1st Part of my question:
I am having a bit of a dilema. I work in the Visulisation industry and use V-Ray and pretty much all the lighting solutions we use involve GI.

I would really to break into the film industry but am pretty confused about how lighting is tackled in the film industry eg. Pixar (dream job = Lighting TD at Pixar and I am going to get there one day)

Is lighting in the film industry more like a 90% manual lighting (not sure what the actual term is) like Jeramy Vickery's amazing mastercalss shows where you set up each individual bounce light and then use AO nodes for depth. Or are the slow solutions taking over? The former technique is almost alien to me.

2nd part of my question:
Almost all training involving lighting and rendering is archiviz/product shot type stuff but I am looking for more 'film based' stuff.

The only things I have found to teach me this sort of thing is Jeramy Birns' DVD and Jeramy Vickery's masterclass.

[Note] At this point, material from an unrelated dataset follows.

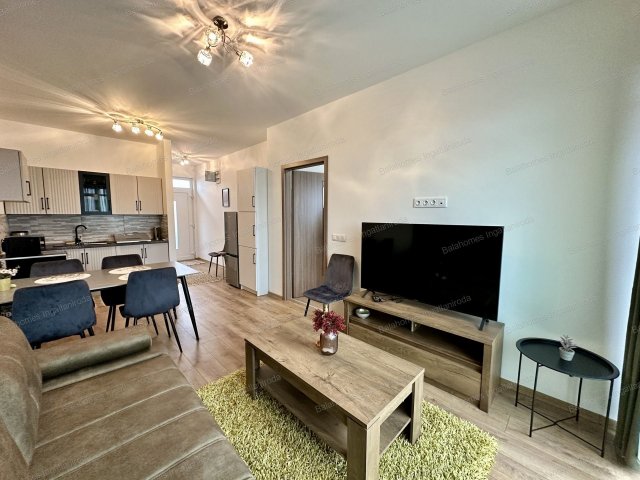 Eladó téglalakás, Balatonlelleén 64.9 M Ft, 2 szobás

Both are great by the way. Is there anything out there you guys could recomend me along those lines?

PLEEEAAASSEEE someone start something along the lines of Animation Mentor but 'Lighting Mentor'!!

kanooshka
09-14-2009, 09:22 PM
Welcome Whirlwind123! I can't speak for the film industry because I'm not in it yet. But I'd recommend any of Jeremy Birn's materials including his book. He also has workshops here on CGSociety quite often. I'd also recommend trying out the lighting challenges here on the forums. It's a great way to learn lots of tips, techniques and you'll get lots of feedback.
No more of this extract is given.